DIRECTIONS
Once the line containing "4-bedroom rental at" is found, copy that line and all remaining lines of the records exactly, including the last one, and add nothing.
# # # # #
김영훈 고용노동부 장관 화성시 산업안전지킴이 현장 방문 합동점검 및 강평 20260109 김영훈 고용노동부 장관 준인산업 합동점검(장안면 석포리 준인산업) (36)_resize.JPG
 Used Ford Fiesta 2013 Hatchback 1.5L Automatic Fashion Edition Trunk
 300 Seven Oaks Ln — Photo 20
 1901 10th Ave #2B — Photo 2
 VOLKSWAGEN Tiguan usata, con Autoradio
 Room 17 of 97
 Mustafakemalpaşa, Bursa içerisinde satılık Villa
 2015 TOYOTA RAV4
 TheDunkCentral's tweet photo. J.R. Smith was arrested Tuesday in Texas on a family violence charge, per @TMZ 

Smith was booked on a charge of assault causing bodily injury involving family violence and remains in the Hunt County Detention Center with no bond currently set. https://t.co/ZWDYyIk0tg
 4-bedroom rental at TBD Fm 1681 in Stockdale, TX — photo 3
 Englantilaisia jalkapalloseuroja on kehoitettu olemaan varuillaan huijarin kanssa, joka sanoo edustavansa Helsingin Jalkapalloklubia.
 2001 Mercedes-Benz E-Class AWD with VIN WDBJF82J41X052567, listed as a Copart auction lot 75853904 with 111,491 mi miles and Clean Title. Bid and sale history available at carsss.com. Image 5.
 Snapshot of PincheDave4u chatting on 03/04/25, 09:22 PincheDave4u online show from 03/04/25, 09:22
# # # # #
FINISHED TASK
 4-bedroom rental at TBD Fm 1681 in Stockdale, TX — photo 3
 Englantilaisia jalkapalloseuroja on kehoitettu olemaan varuillaan huijarin kanssa, joka sanoo edustavansa Helsingin Jalkapalloklubia.
 2001 Mercedes-Benz E-Class AWD with VIN WDBJF82J41X052567, listed as a Copart auction lot 75853904 with 111,491 mi miles and Clean Title. Bid and sale history available at carsss.com. Image 5.
 Snapshot of PincheDave4u chatting on 03/04/25, 09:22 PincheDave4u online show from 03/04/25, 09:22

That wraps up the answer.